(SOURCE INFORMATION begins)
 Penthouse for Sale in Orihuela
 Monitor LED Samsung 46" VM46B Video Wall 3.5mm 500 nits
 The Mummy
(SOURCE INFORMATION ends)
(SOURCE INFORMATION begins)
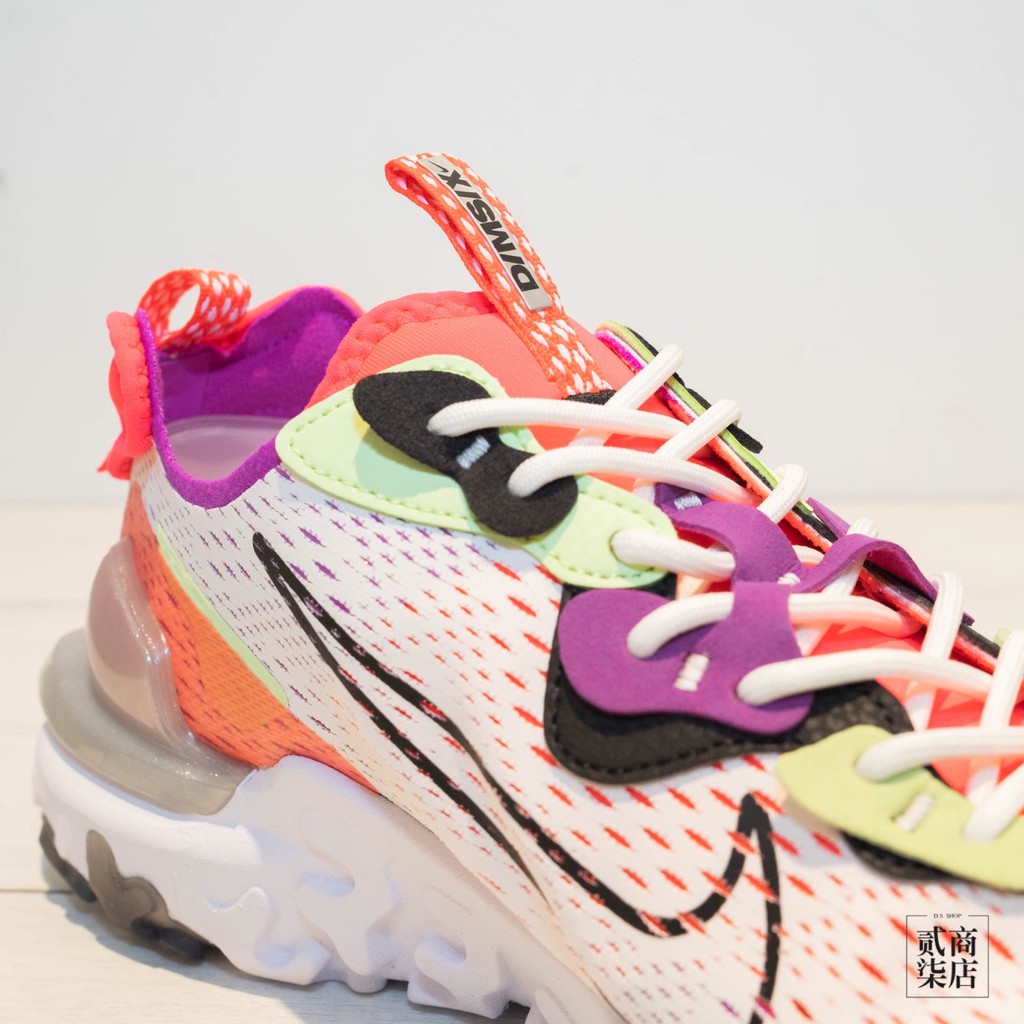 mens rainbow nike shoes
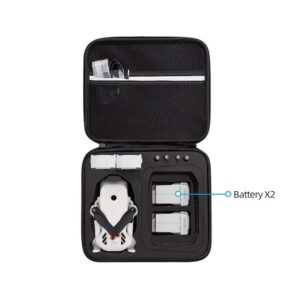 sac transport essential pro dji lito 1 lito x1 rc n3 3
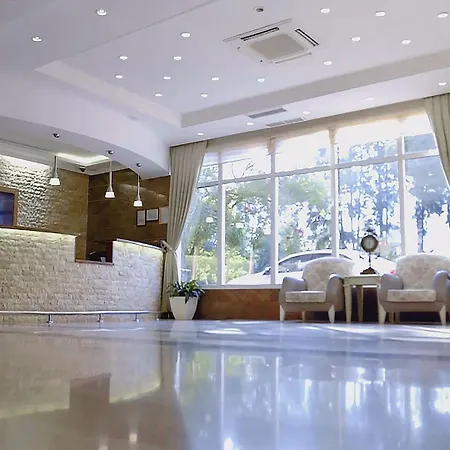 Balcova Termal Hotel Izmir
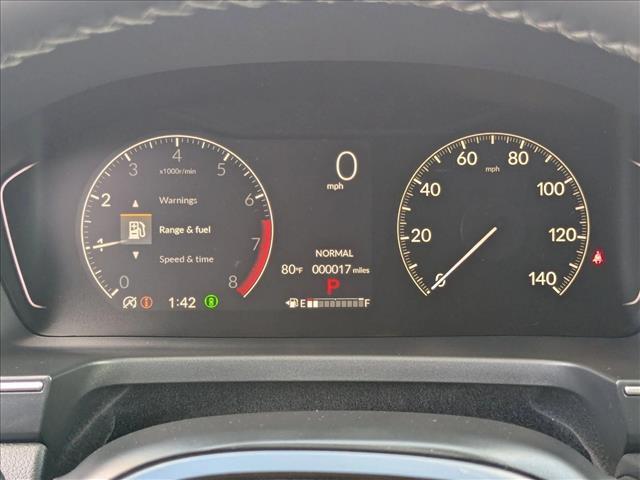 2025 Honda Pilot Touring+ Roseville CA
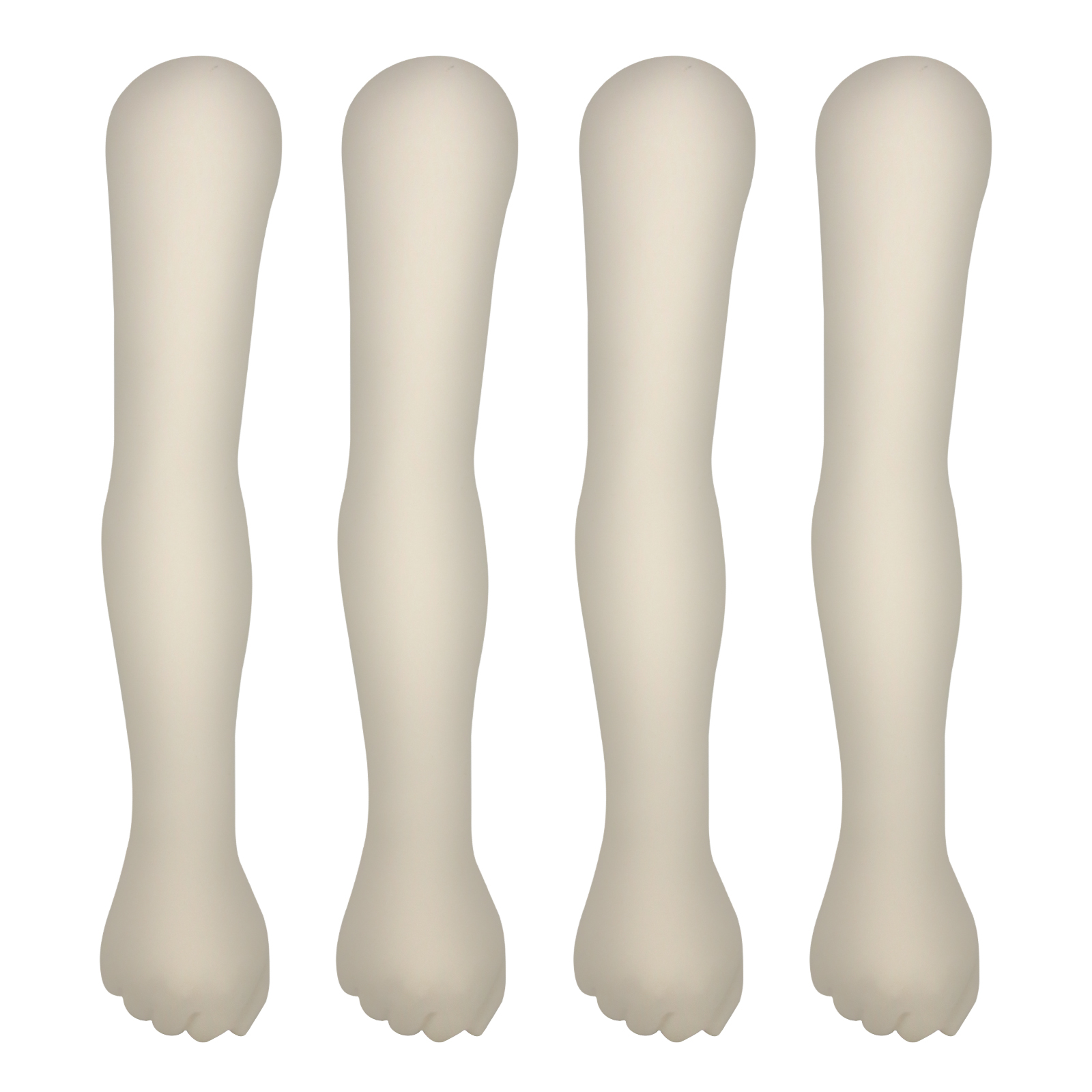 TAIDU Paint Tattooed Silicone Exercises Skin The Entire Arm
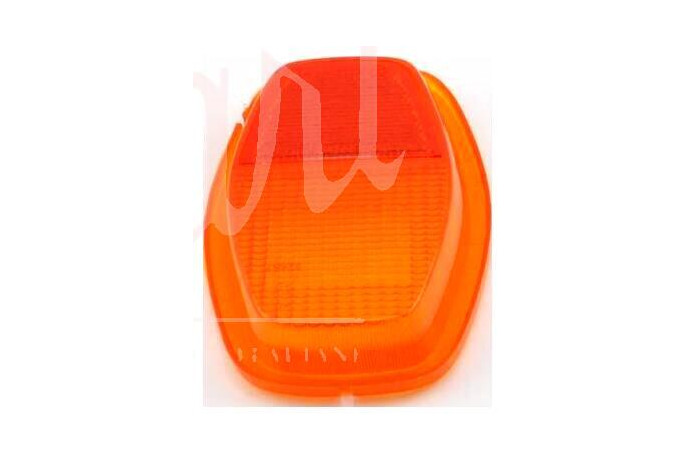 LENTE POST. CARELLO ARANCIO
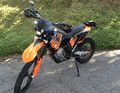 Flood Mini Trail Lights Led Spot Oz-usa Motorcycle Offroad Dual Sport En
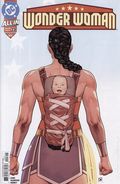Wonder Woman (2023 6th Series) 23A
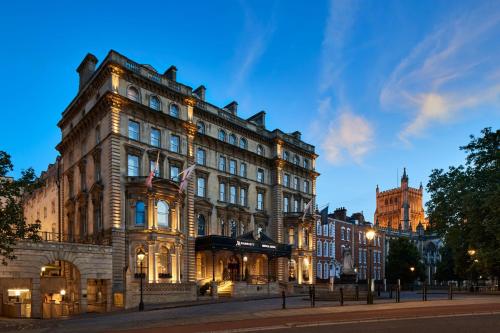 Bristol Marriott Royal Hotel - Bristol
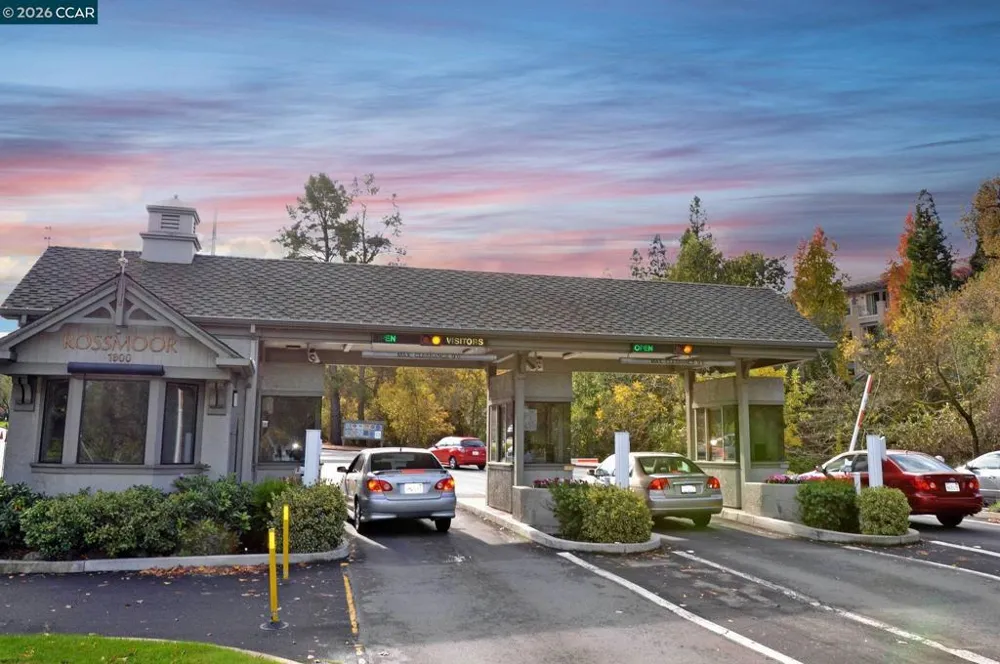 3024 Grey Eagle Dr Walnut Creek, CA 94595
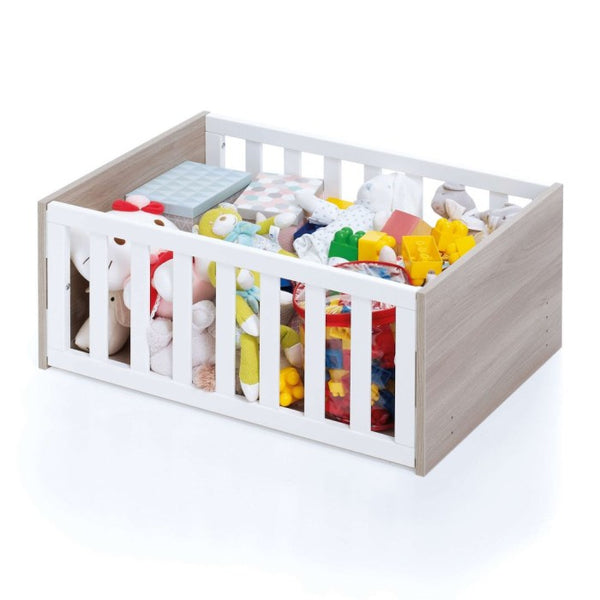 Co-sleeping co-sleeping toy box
(SOURCE INFORMATION ends)
(SOURCE INFORMATION begins)
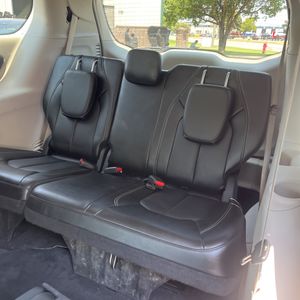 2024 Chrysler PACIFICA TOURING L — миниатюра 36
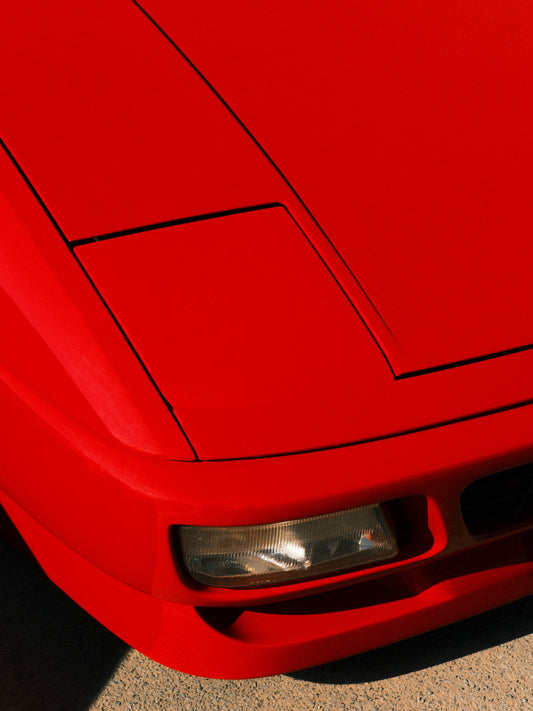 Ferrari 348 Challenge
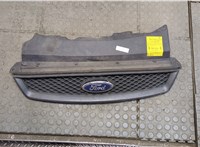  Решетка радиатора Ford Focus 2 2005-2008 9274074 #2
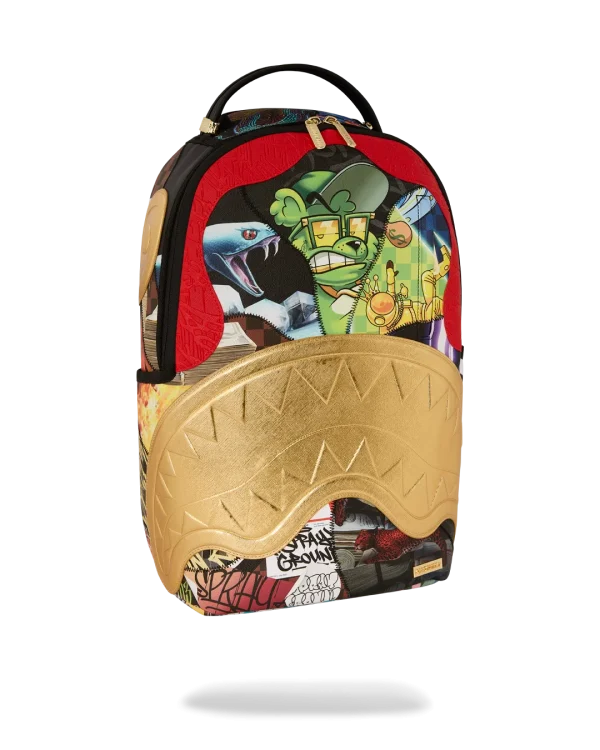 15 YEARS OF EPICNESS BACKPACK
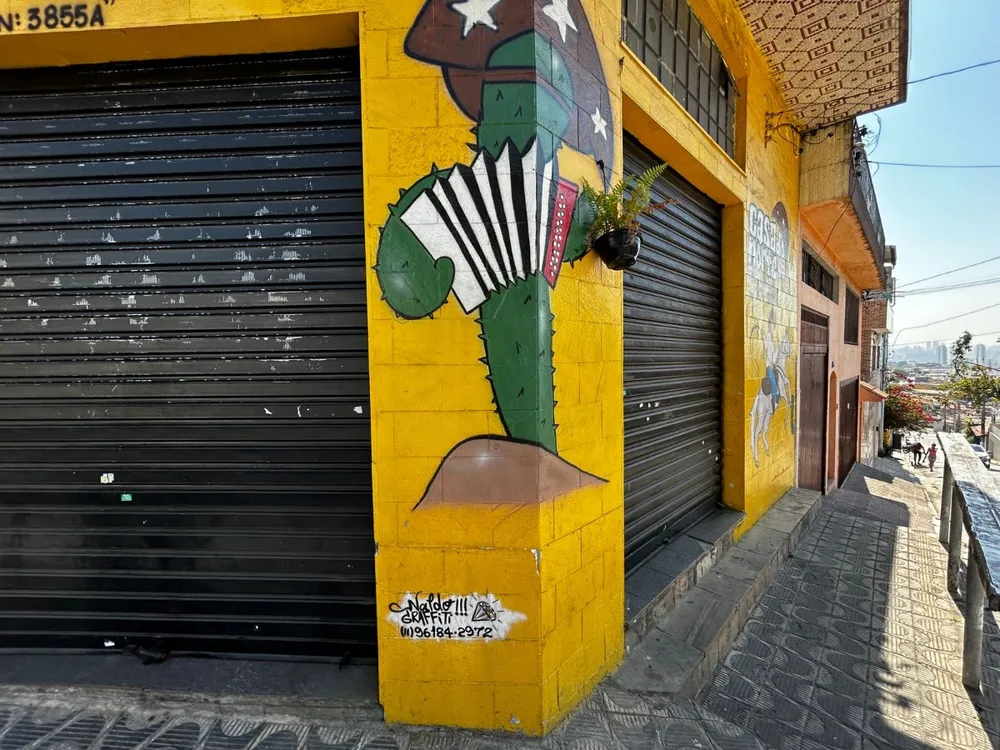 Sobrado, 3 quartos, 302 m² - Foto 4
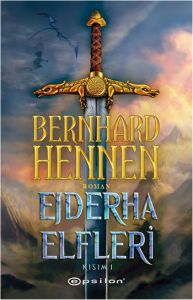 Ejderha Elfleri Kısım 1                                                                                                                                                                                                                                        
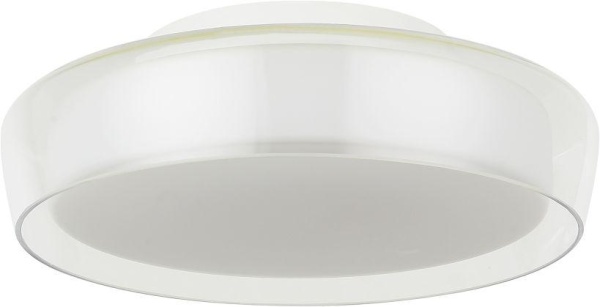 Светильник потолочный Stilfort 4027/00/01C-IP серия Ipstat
(SOURCE INFORMATION ends)
(PROBLEM DESCRIPTION): What's needed is an exact copy of the lines above from the one with "Sobrado, 3 quartos, 302 m² - Foto 4" through the one with "Светильник потолочный Stilfort", both included; the pictures stay out.

(TASK ANSWER):
 Sobrado, 3 quartos, 302 m² - Foto 4
 Ejderha Elfleri Kısım 1                                                                                                                                                                                                                                        
 Светильник потолочный Stilfort 4027/00/01C-IP серия Ipstat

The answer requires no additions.